*What the task asks*. Under this line is some data; print exactly the lines from the one containing "LED žárovky pro" through its last line, without pictures.

[Crawled caption data]
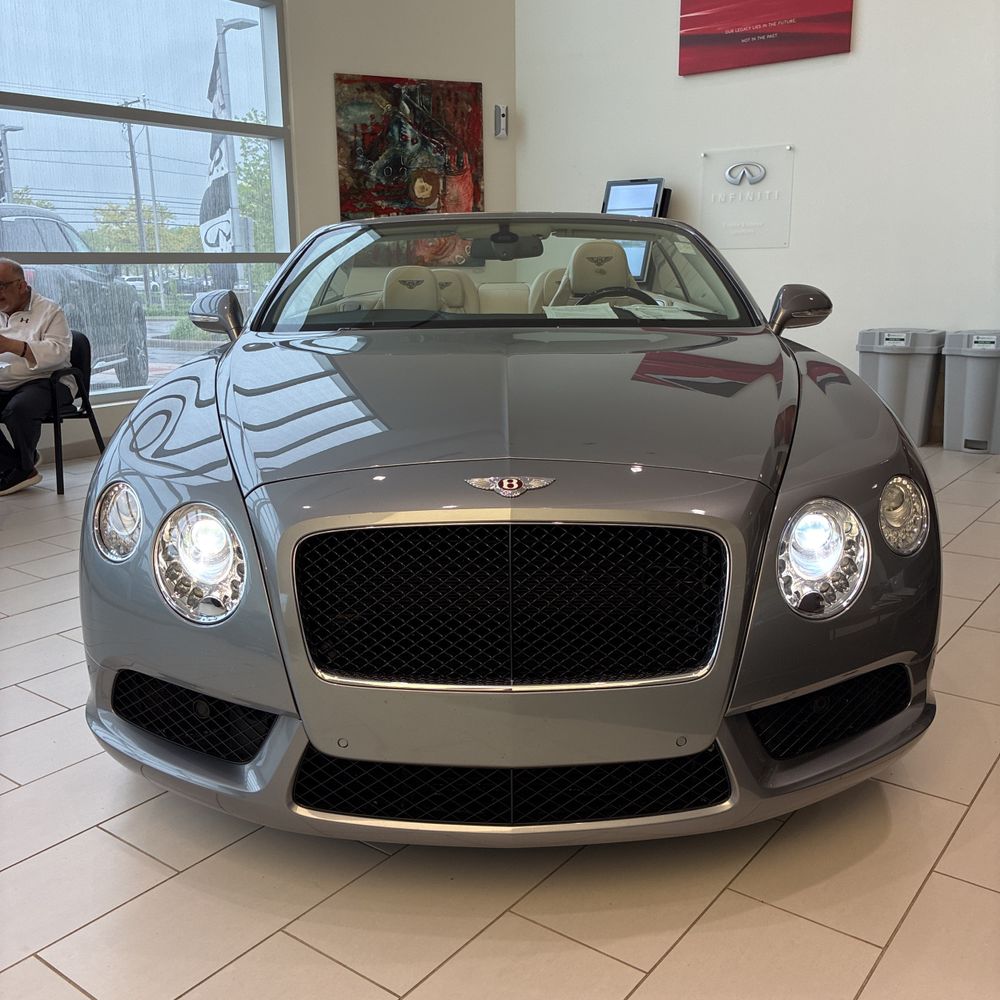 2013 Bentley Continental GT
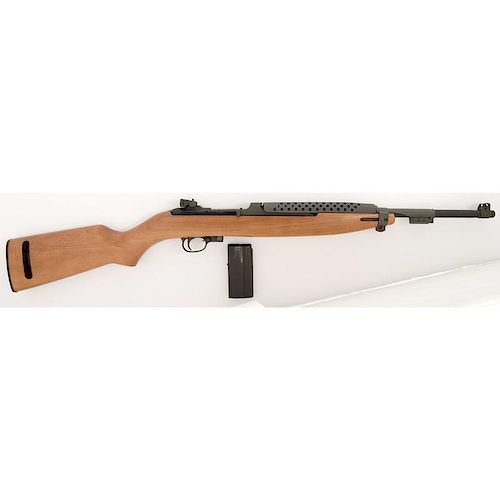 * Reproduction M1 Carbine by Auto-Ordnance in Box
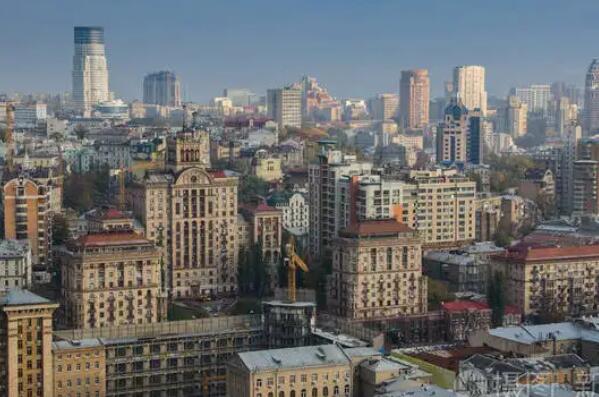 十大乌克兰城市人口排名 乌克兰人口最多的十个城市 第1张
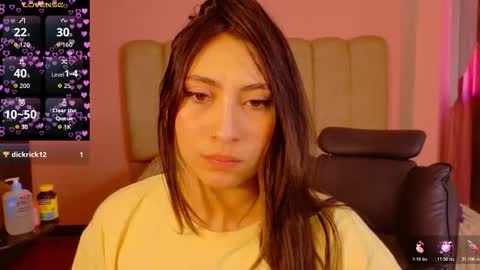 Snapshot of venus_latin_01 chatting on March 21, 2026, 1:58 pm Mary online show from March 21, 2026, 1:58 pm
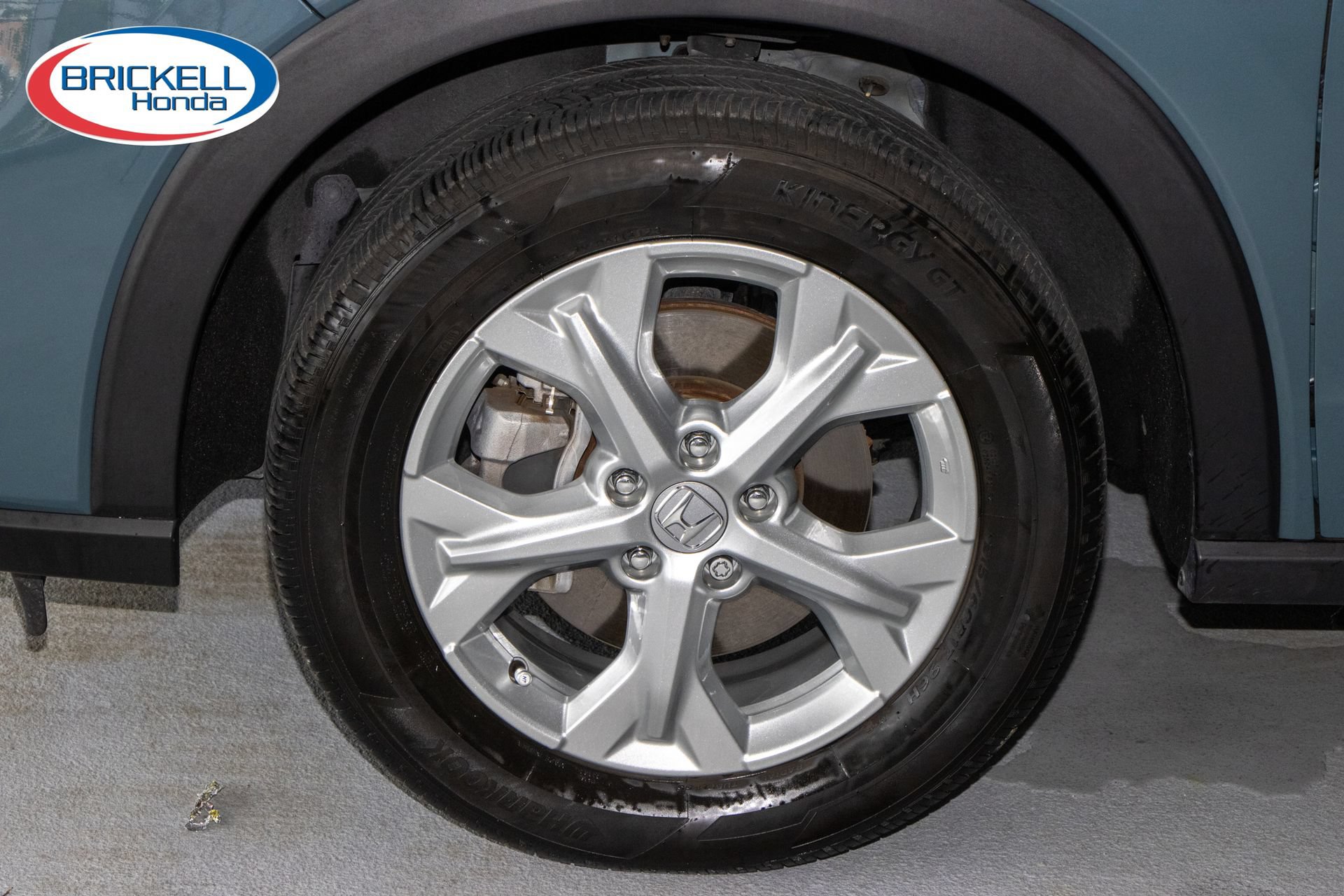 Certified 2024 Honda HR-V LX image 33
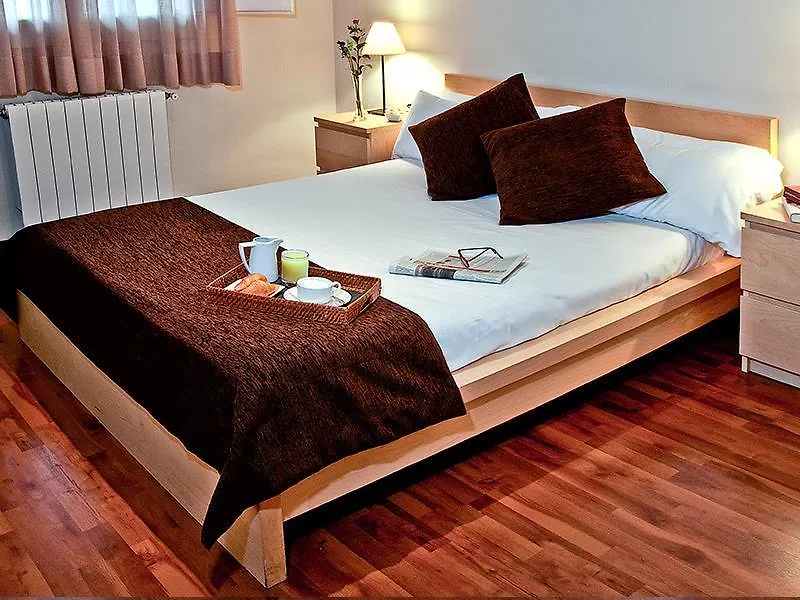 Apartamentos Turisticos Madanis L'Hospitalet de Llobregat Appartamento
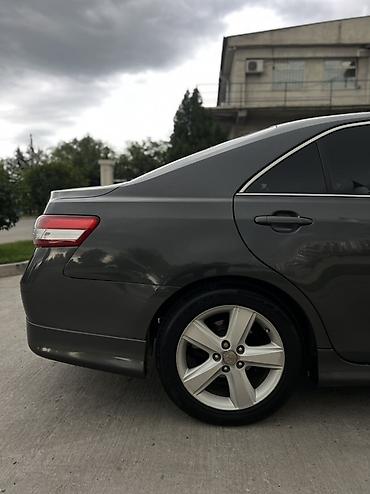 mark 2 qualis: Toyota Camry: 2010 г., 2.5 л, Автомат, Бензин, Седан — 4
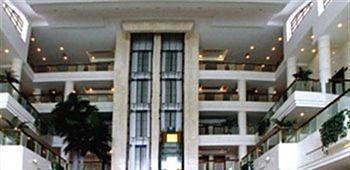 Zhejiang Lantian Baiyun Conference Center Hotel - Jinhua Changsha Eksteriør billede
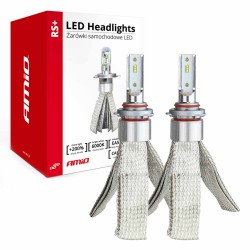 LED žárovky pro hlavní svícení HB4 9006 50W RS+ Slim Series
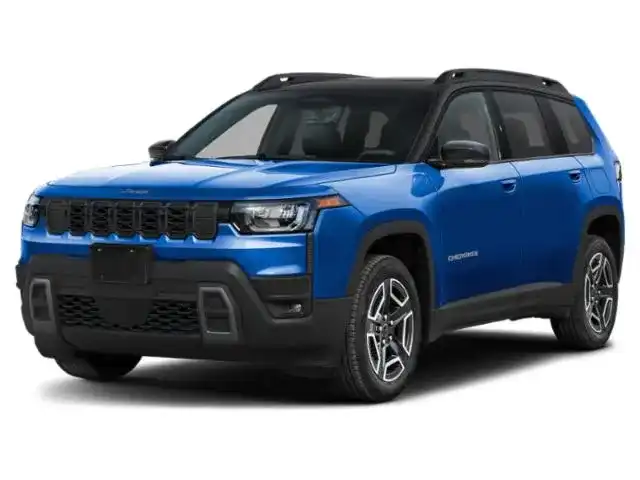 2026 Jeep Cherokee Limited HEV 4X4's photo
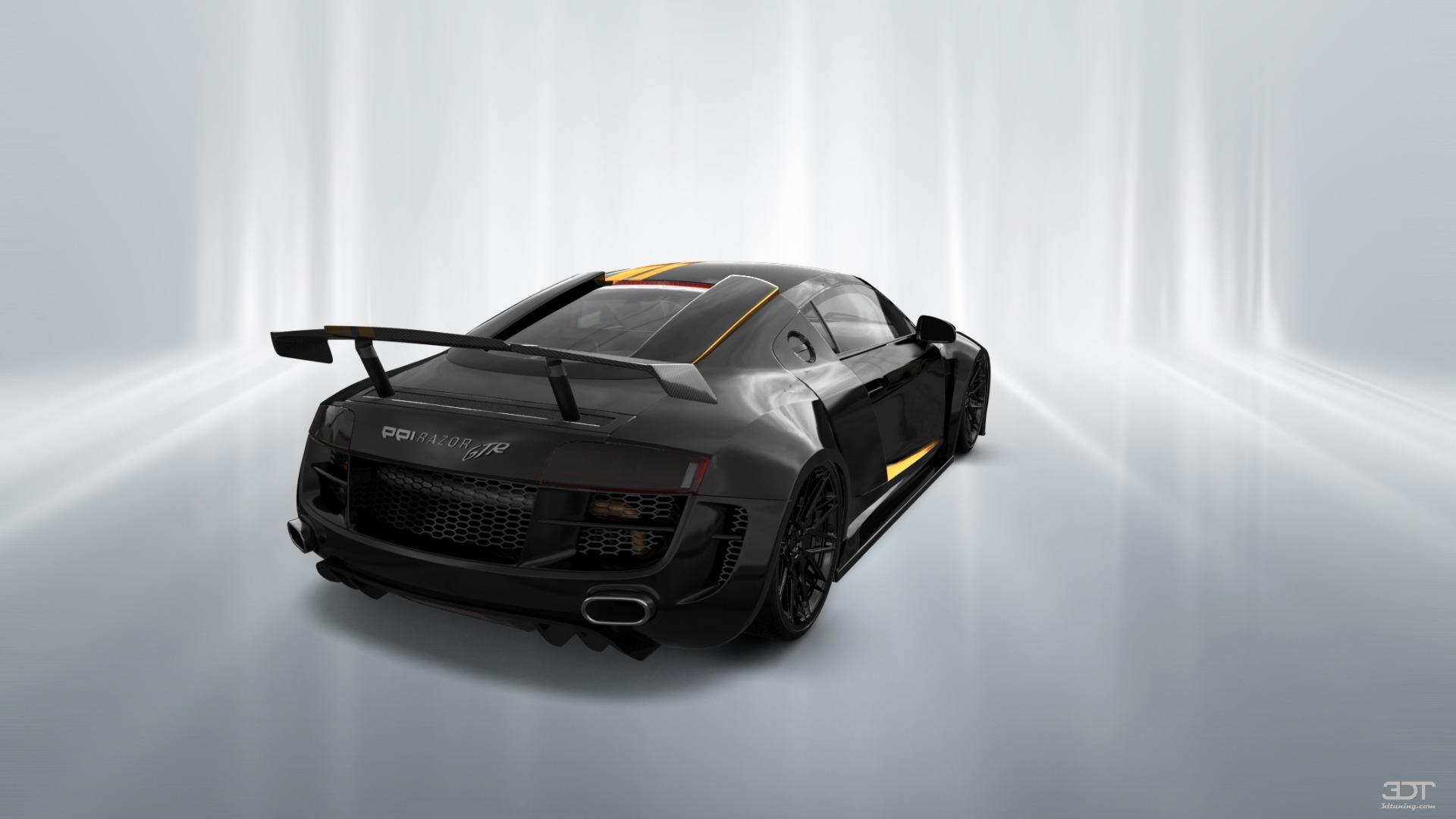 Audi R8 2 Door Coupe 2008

*Answer to the problem*.
 LED žárovky pro hlavní svícení HB4 9006 50W RS+ Slim Series
 2026 Jeep Cherokee Limited HEV 4X4's photo
 Audi R8 2 Door Coupe 2008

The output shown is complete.